Purple Martins, Sparrows, and the Common Boy
by Greg Wright

Uncle Ben and his nephew, Josh, looked sadly at the house they built for purple martins. Intended to be a safe haven for those wonderful, mosquito eating, birds, it had been completely taken over by English sparrows.

"Those ugly old sparrows," complained Josh, "this house wasn't meant for them."

"Don't you worry," said Uncle Ben encouragingly. "I bought a new purple martin house. This one has a special trap for killing sparrows. Tomorrow we'll take down the old house and dump out those ugly old sparrows: nests, eggs, babies, and all."

Josh looked down and shook his head sadly.

"What's wrong Josh?" asked Uncle Ben. "Surely you're not concerned about those sparrows. They're just common, ordinary, birds; the woods are full of them."

"I know, Uncle Ben," replied Josh, "and they make me angry when they build nests where they aren't wanted. But it seems sad to just kill them. I don't know, it just seems like somone should love sparrows."

"Oh Josh, I'm sure there are lots of people who love sparrows, mainly folks that aren't bothered by them. And I'm sure that Jesus loves them; after all, he made them."

"Uncle Ben," answered Josh, "sometimes I feel like a sparrow. I've been so rotten and have gotten into so much trouble this year, I don't see how anyone could even like me, much less love me, except maybe Jesus. And Jesus is so good and holy, I don't see how he could like me either."

Indeed it had been a difficult year for Josh. After his parents' nasty divorce, he went wild, staying constantly in trouble with his parents, his teachers, and most recently, the police.
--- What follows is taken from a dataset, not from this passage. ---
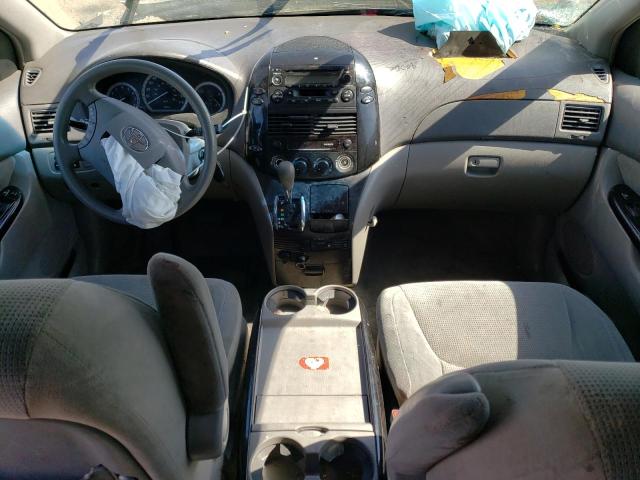 Photo 8 from auction – 2004 TOYOTA SIENNA CE with VIN 5TDZA23C14S101394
Uncle Ben put his arm around Josh. "Son, I know you've had a rough year and have made many mistakes. However, believe me, you are surrounded by people who love you. And as for Jesus, he's not the type to just throw you away like a nest full of sparrows."

Josh brushed his arm across his face, trying to clear his eyes of unwanted tears. "Uncle Ben, does Jesus know what it's like to be a sparrow?"

Let us consider Josh's question, "Does Jesus know what it's like to be a sparrow?" Did Jesus experience sadness and disappointment? When you suffer, does Jesus understand what you are going through? Does Jesus understand the struggles of common, ordinary people?

For example, what do you think Jesus looked like when he was a young boy? Was he like King David's son Absalom: perfect hair and perfect skin? Did he have a personality and smile that drew people around him?

The Bible actually gives us a hint about what Jesus looked like in the book of Isaiah. These words were written many years before Jesus was born in Bethlehem.

He had no beauty or majesty to attract us to him, nothing in his appearance that we should desire him. Isaiah 53:2 NIV

What? This is the Son of God? Couldn't God have made him have perfect hair, a perfect nose, a perfect athletic body, perfect ears, perfect eyes, etc. Sure, God could have made him look like that, but he didn't. Why?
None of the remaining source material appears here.